Фотографию долгое время рассматривали как единство, сводя ее к техническому принципу, тогда как мы попытались продумать ее как множественное пересечение изображений, практик, способов использования, форм, территорий в их продолжающемся варьировании. Прежде всего мы поставили под вопрос весьма проблематичный документ, за которым укрепилась репутация воплощенной сущности «единой» фотографии.

Вместо того, чтобы сводить фотографию к единой сущности и фиксировать ее в единственной точке (в документе), мы показали, как она осциллирует между множеством позиций (документ, выражение, искусство), в свою очередь заставляя их развиваться (именно так в конце ХХ века появилось «другое искусство в искусстве», искусство-фотография). Вопреки общепринятым эссенциалистским и статичным подходам мы попытались показать ее становление.

Действительно, факты показывают, как фотография постоянно отклоняется от абстрактных моделей, к которым ее свели упрощения. Следовало возвратить ей ту долю сложности, в которой ей зачастую отказывали, и увидеть, как она постоянно освобождается от дискурсивных ограничений, конституирующих суждения о документе, механизме, отпечатке, референте (о самой вещи), прозрачности, сходстве, объективности, «это было» и т. д. Таким образом, перевернуть фотографию «на лицевую сторону» означало открыть дискурсивное пространство для других суждений: о выражении, изображении, письме, плотности, искусстве фотографов, фотографии художников, слиянии (а именно – слиянии искусства и фотографии), конструкции, диалогизме и т. д., а также и о вымысле, виртуальном, запредельном.

Тем не менее этот шаг оказался возможен только в настоящей ситуации заката практической полезности фотографии. С одной стороны, эта ситуация позволила взглянуть на фотографию более свободно и широко, поскольку уменьшился груз практических употреблений. С другой стороны, нарастающий в последнюю четверть века отход фотографии от территорий пользы все более и более четко показывает, что она всегда уклонялась в запредельное по меньшей мере с той же силой, с какой сходилась со здешним.
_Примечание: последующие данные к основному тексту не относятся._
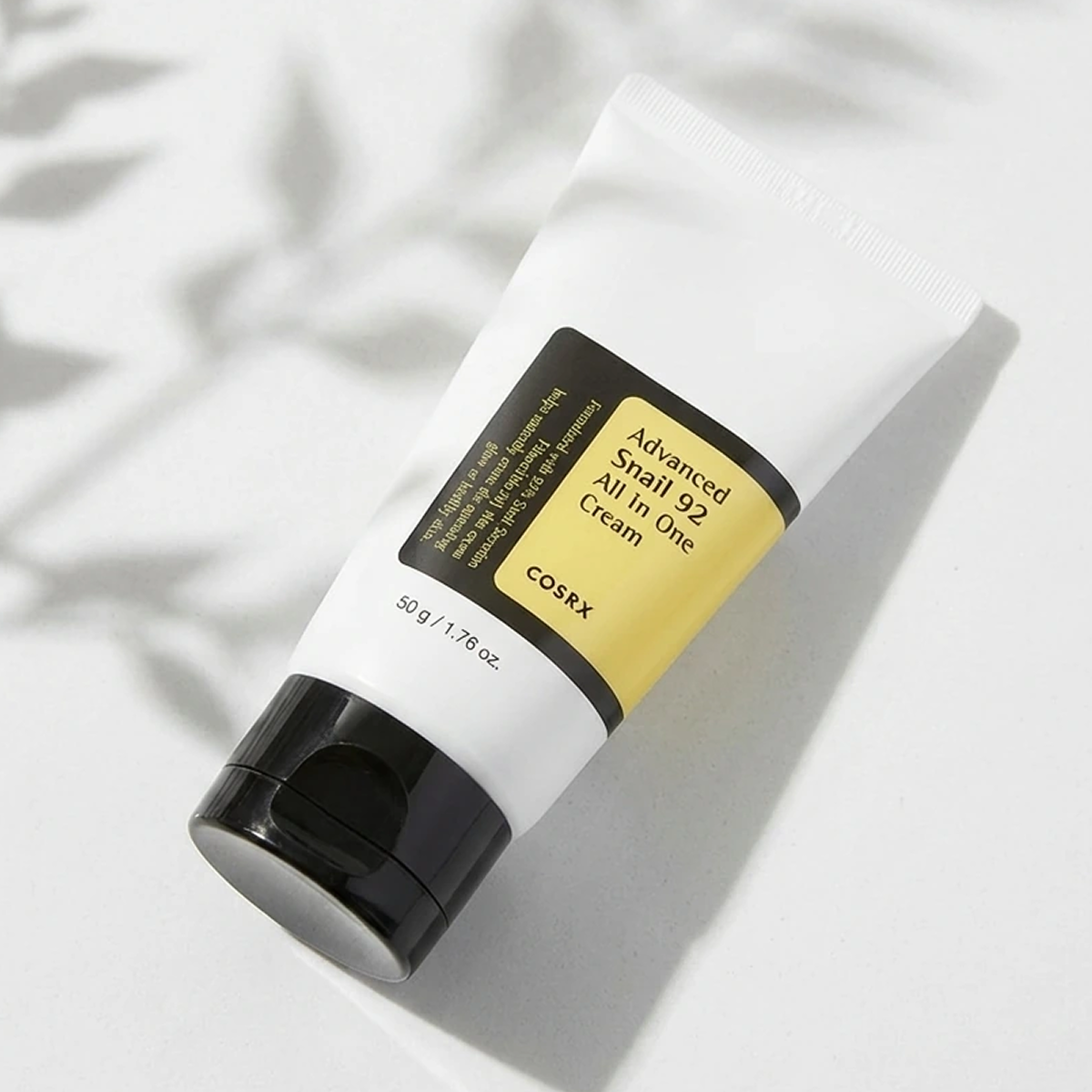 Cosrx - Advanced Snail 92 - Crema Tout - En - Un en Tube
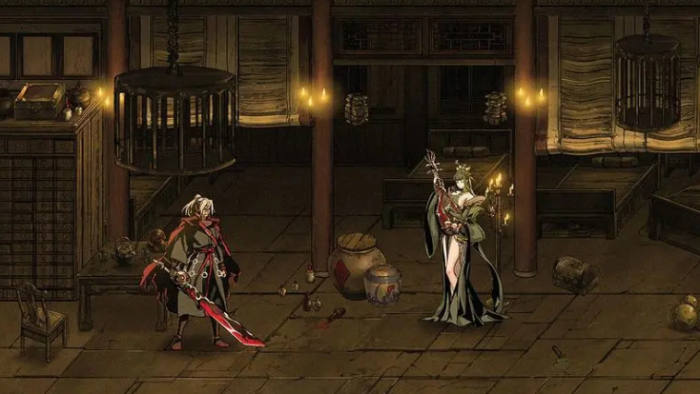 影之刃3京溪街道怎么去_影之刃3京西十字路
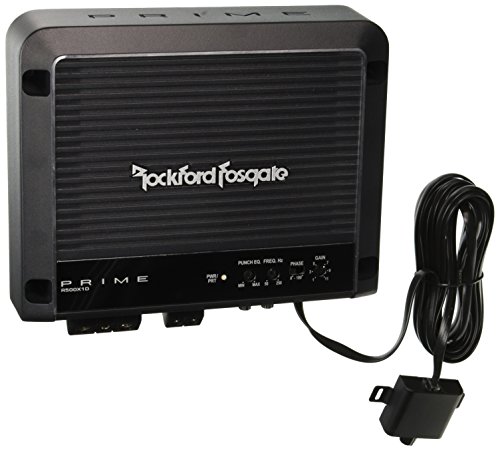 10 Best Car Amplifiers 2020 Review Music Critic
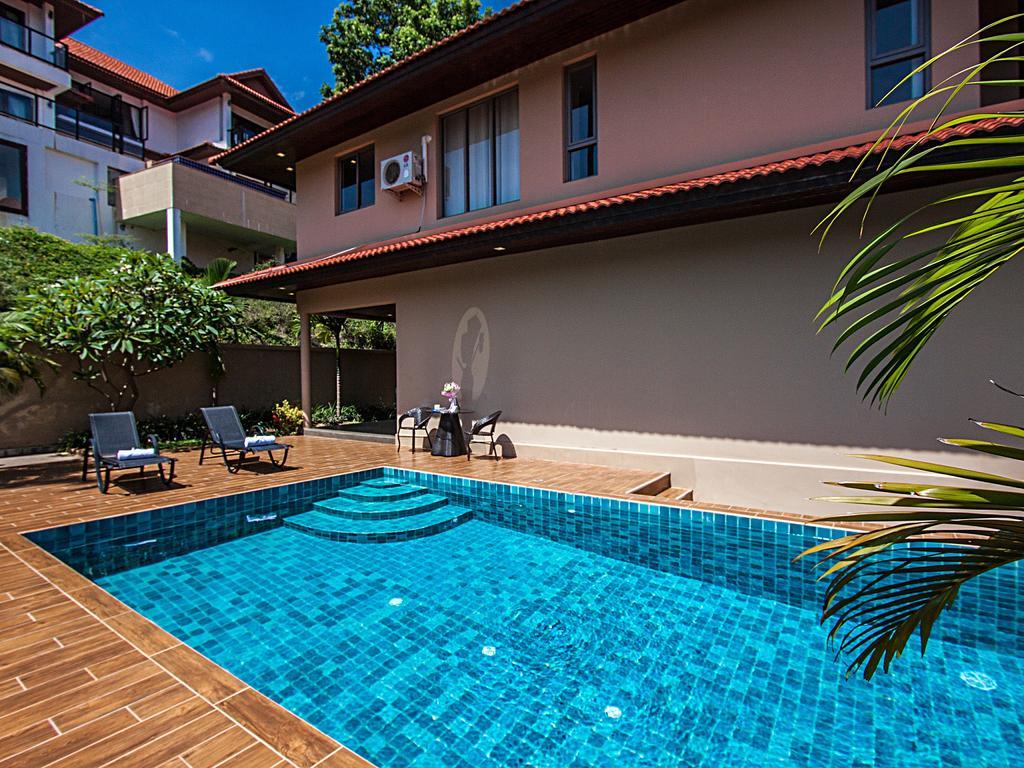 Ban Talay Khaw O12 - 4 Bedrooms * Bophut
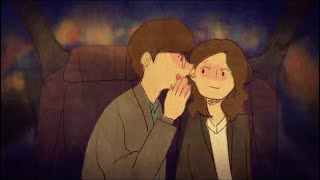 A short animation about what love is  Love is in small things Collection [upl. by Molahs]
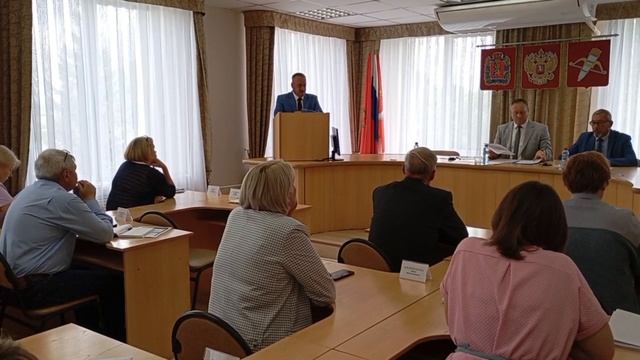 Ачинские чиновники о возгорании на свалке отходов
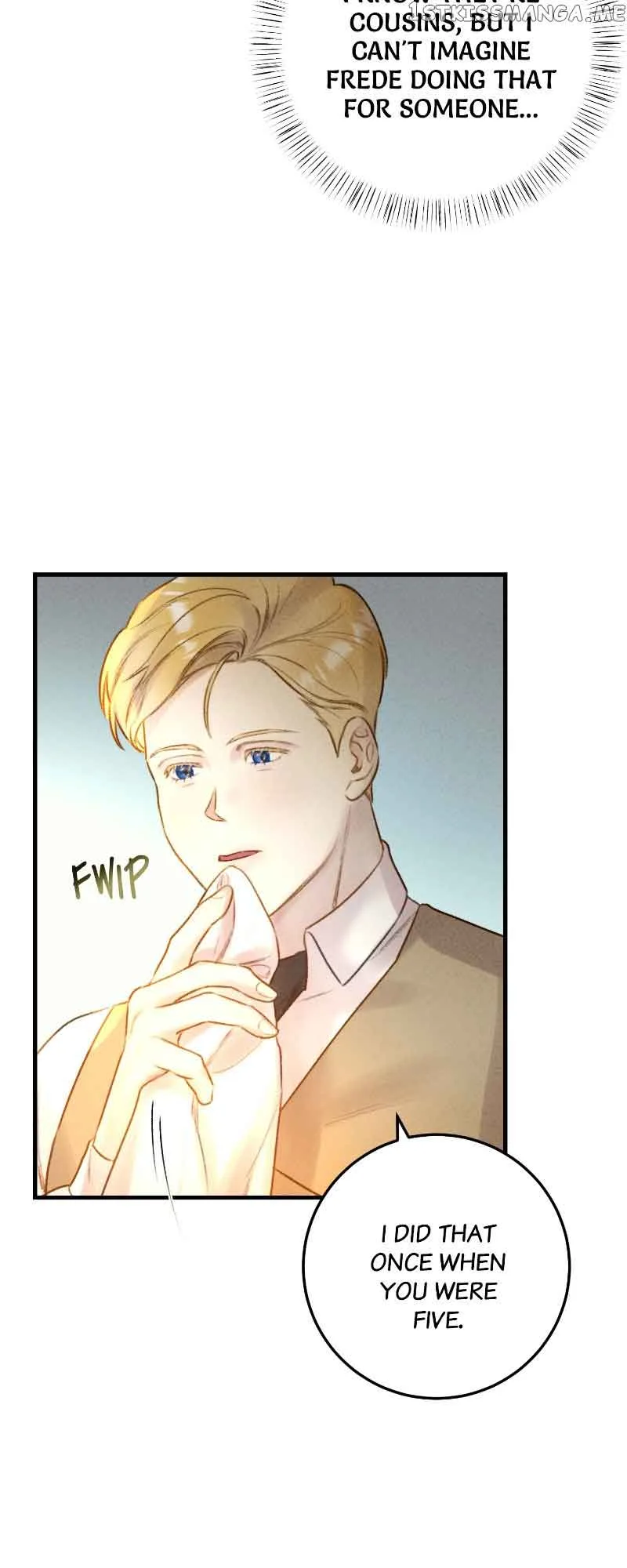 He’s Not Just a Pretty Face Chapter 21 page 34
Она столь же отдаленна, сколь близка, она выдумывает столько же, сколько свидетельствует. Укореняя свои изображения в веществе вещей, будучи фундаментом для определенного режима истины, она при этом всегда имела дело с запредельным.
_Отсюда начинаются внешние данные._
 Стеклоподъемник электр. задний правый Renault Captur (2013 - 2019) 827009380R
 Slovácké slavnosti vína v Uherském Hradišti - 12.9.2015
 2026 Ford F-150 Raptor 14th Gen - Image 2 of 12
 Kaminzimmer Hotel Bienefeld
Запредельное – это то место, всегда не поддающееся означиванию, где я нахожусь, при этом вполне оставаясь здесь и сейчас в моем нынешнем месте пребывания. Мы всегда, и все больше и больше, одновременно находимся здесь и далеко отсюда, тут и вдали, в постоянной вездесущности, смешивающей на разные лады души и тела. В середине XIX века фотография благодаря своим небывалым документальным способностям внесла свой вклад в обновление производства запредельного, и это произошло в тот момент, когда индустриальное общество инициировало циркуляцию по всему земному шару огромных потоков людей, товаров и капиталов, уже переполнивших традиционную территорию, когда локальное открылось глобальному. Одновременно появились железные дороги, пароходы, телеграф и фотография, а также иллюстрированная пресса, роман и живопись (в особенности ориентализм), и все они приняли активное участие в формировании запредельности нового типа, которую часто смешивают с удаленностью. В глазах зрителей тех времен – а это была эпоха больших колониальных экспедиций – фотографический документ превращался в топос не поддающегося означиванию, неизведанного, невиданного и недоступного (то есть виртуального) внутри контролируемого и нейтрального здесь (то есть актуального).
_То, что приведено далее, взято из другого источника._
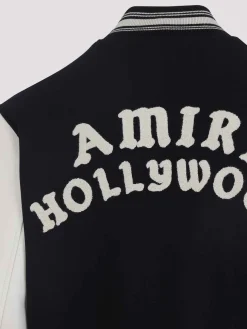 Giacca del bomber di Hollywood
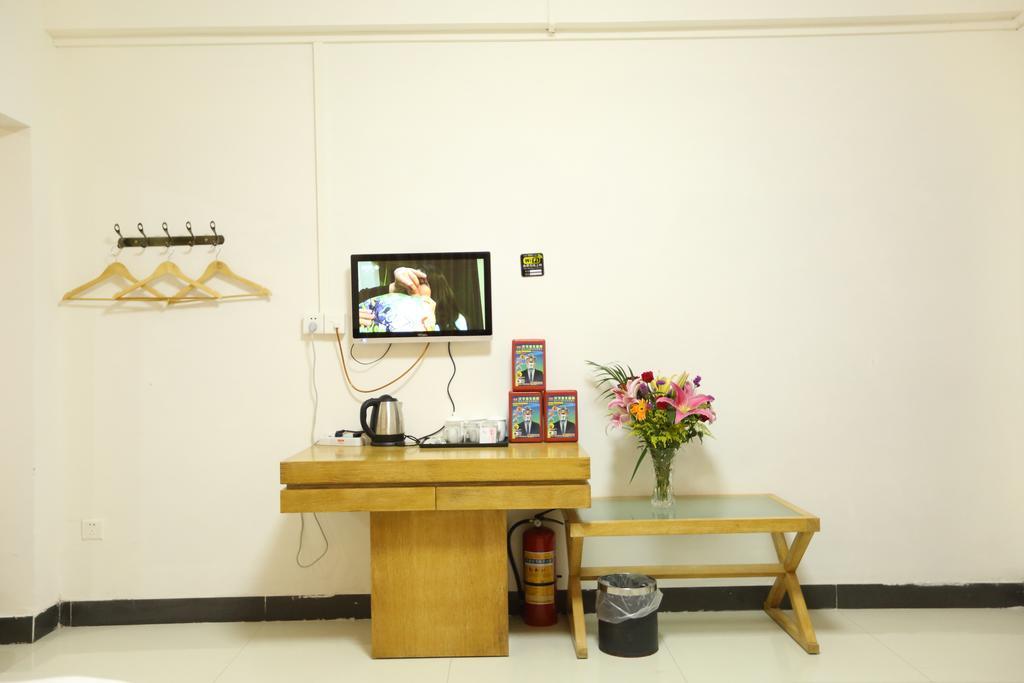 Guangzhou Airport Voyage Service Apartment Baiyun Airport Phòng bức ảnh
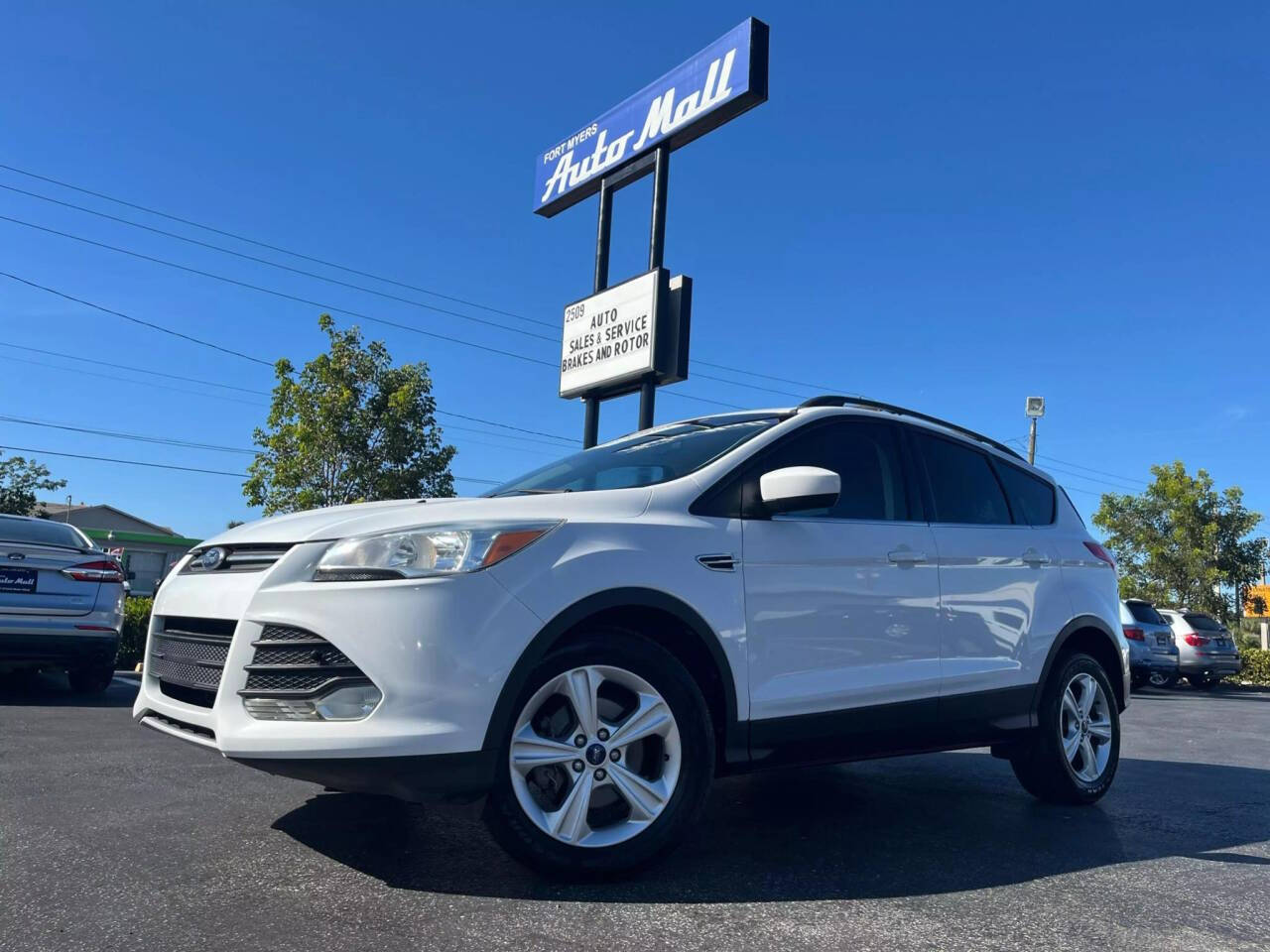 2014 Ford Escape for sale at Fort Myers Auto Mall in Fort Myers, FL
Несколькими десятилетиями позже фотография репортажа много послужила регистрации событий: культ «решающего момента» (в версии Картье-Брессона) или «это было» (в версии Барта) стал главенствовать над поиском замечательной точки зрения, и запредельное перешло свои строгие пространственные границы.

Сегодня мир, а вместе с ним и запредельное претерпевают крупномасштабные потрясения. Глобализация деятельности и взрыв транспортных и информационных средств обратили взгляды индивидов к пределам планеты. В этой ситуации, которая отныне является нашей, чувство чужбины стало химерой, а далекое превратилось в бесконечное повторение здешнего. Развитие фотографической запредельности в этих условиях происходит по трем главным направлениям.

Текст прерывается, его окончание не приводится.